5月11日,稚内市立潮見が丘中学校において人権教室を開催しました。
今回の人権教室は,前半に人権擁護委員が講演をし,後半は講演内容を参考に,自らの体験を通して人権をテーマにした作文を書く,という初の2部構成でおこなったものです。その様子を報告します。
第1部
体育館で人権擁護委員3名が講演会 ‐自らの体験を元に‐
聴講するのは3年生69名。講師を担当する人権擁護委員3名は,「ハンディを抱えながらも前向きに生きる人の姿の尊さ」「人権を尊重するとは,自分を大切にするのと同じくらい,相手を大切に思うこと」など,自らの職業体験等をベースにした内容を,生徒に語りかける口調で講演しました。生徒の皆さんはメモをとりながら真剣な眼差しで話を聴いていました。

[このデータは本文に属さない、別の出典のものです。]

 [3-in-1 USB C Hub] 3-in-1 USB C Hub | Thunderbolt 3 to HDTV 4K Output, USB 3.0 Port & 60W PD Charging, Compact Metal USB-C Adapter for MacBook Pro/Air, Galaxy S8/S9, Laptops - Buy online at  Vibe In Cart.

中でも長年教師として生徒に接してきた委員の「何気ない一言で生徒を傷つけてしまった失敗によって,言葉の持つ力というのは大きいことに気づかされた。皆さんも相手の気持ちを常に思いやる心を持ってください」とのメッセージには,生徒のみならず,教師の方もうなずくシーンが見られました。

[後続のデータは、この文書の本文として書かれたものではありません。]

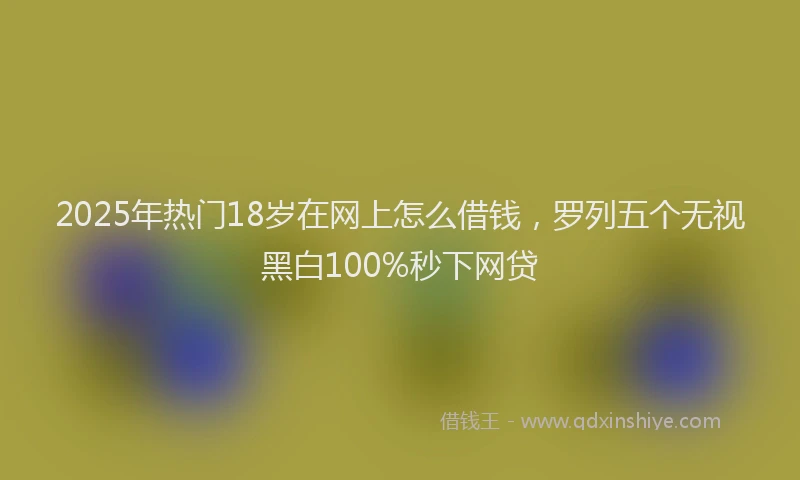 2025年热门18岁在网上怎么借钱，罗列五个无视黑白100%秒下网贷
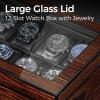imageBEWISHOME HighEnd Watch Case 12Slot Watch Box with Valet Drawer 2Layer Wooden Watch Display Case for Jewelry Watch Organizer Watch Storage Holder for Men Women Brown SSH02YBrown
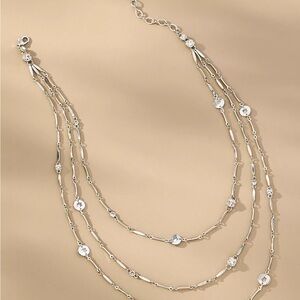 Anthropologie Layered Stone Necklace - NWT - Silver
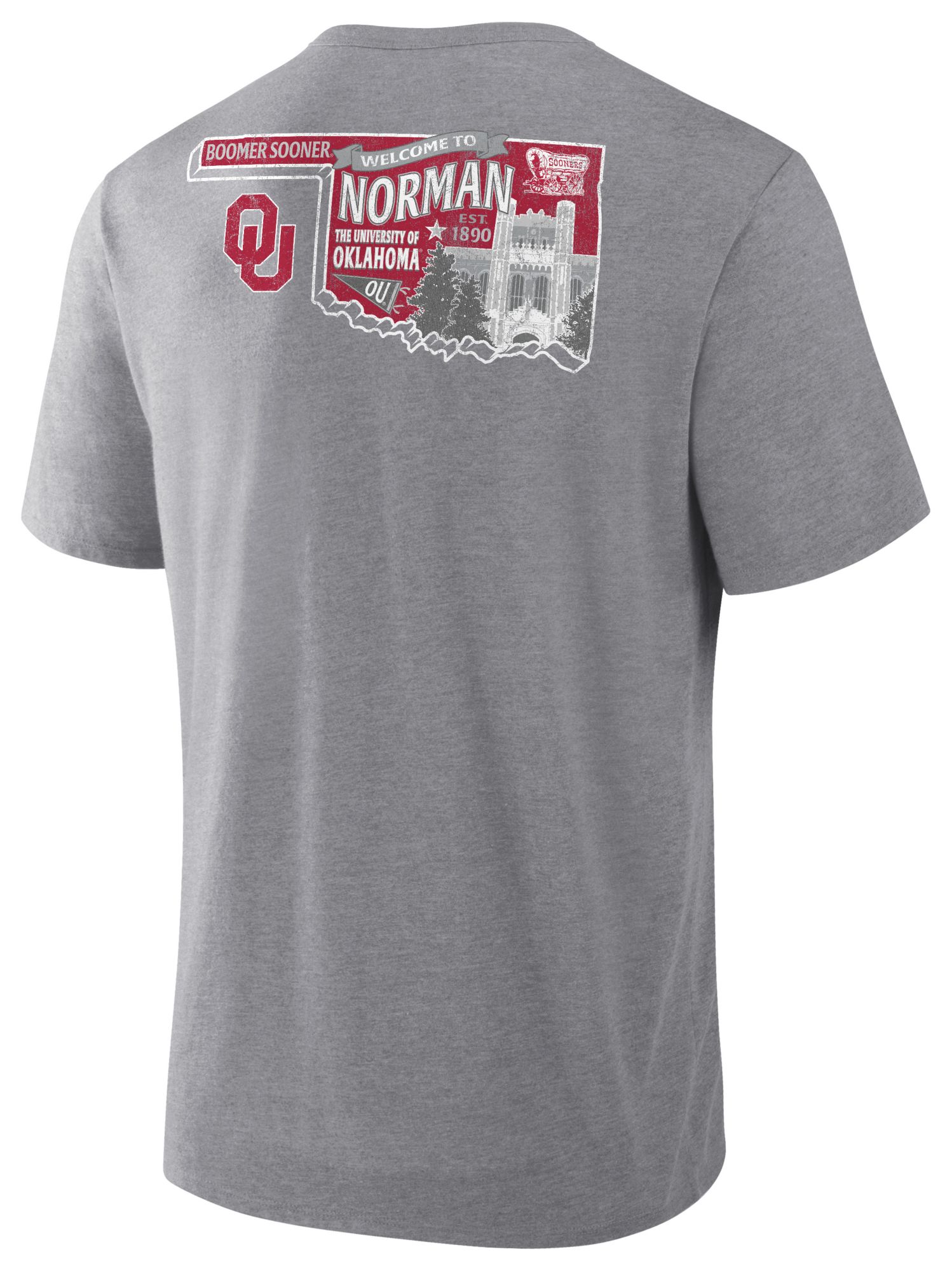 NCAA Men's Oklahoma Sooners Athletic Gray Heather Triblend State T-Shirt product image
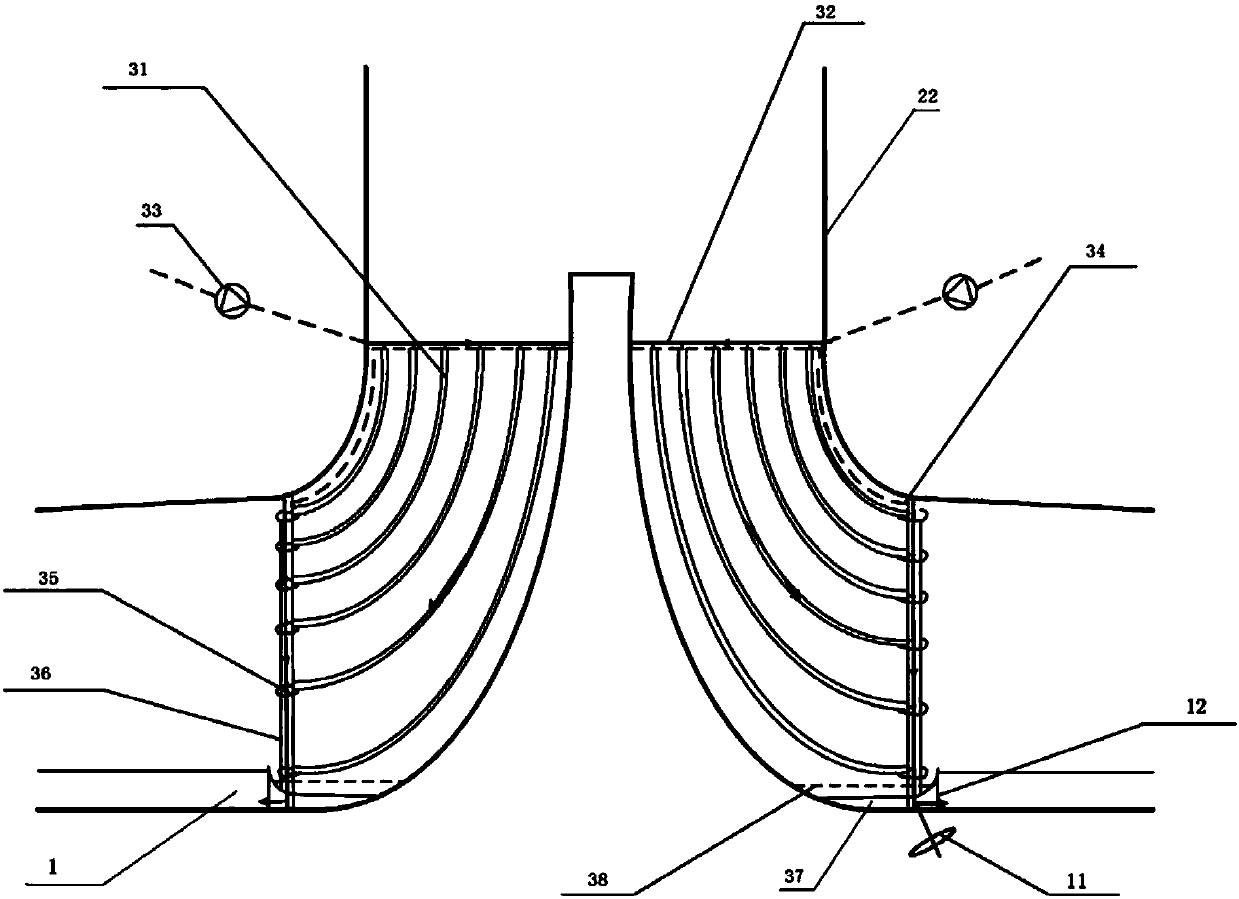 Solar power generation and seawater desalination device of combining condenser and wind turbine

最後に,子どもの人権専門委員からこの後の作文作成にあたってのアドバイスと,平成18年度全国中学生作文コンテストへの募集をPRし,講演会を終了しました。
メモをとりながらみなさん真剣に聴いています。
広い体育館に委員のメッセージが響き渡ります。
第2部
教室に戻って作文作成 ‐講演を聴いて「人権」をテーマに‐
体育館から各自の教室に戻り,いよいよ作文を書き始めます。講演中にとったメモを見直したり,担任の先生に質問したりしながら,一生懸命作文に取り組んでいました。

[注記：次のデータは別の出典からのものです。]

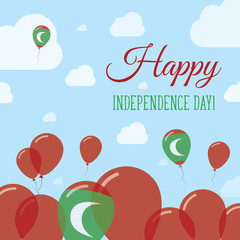 Maldives Independence Day Flat Patriotic Design. Maldivan Flag Balloons. Happy National Day Vector Card.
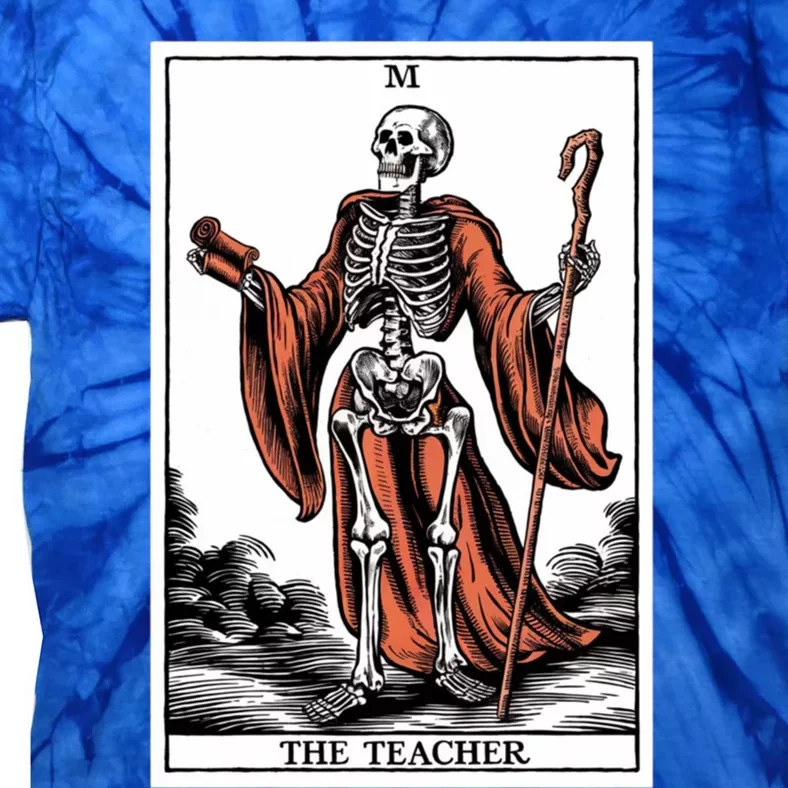 The Teacher Skeleton Tarot Card Gift Tie-Dye T-Shirt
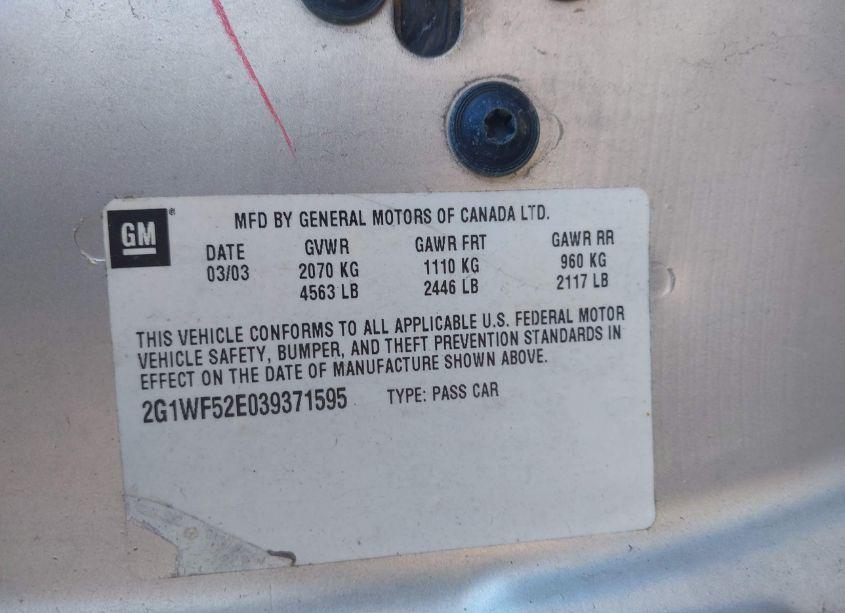 Photo 9 of 2003 Chevrolet Impala (VIN 2G1WF52E039371595)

ちょうど社会科の公民で日本国憲法について学ぶ年代でもあり,「人権」という言葉自体には馴染みがあるのに加えて,「講演を聴いて何を感じたかを作文にすればいいんだよ」という教師のアドバイスに「それなら書けそう」とペンを持つ手が進むといった場面も見受けられ,人権擁護委員のメッセージが生徒の皆さんに伝わったのを実感させられました。
講師を担当した委員も教室に入り,作文に取り組む姿を温かく見守っていました。
今回の人権教室の模様は後日地元紙2社に取り上げられ,人権擁護機関と啓発活動の重要性を大きくPRすることができました。
作文に取り組む生徒を見守る委員
啓発パンフレットを見ながら作文の題材を考えます。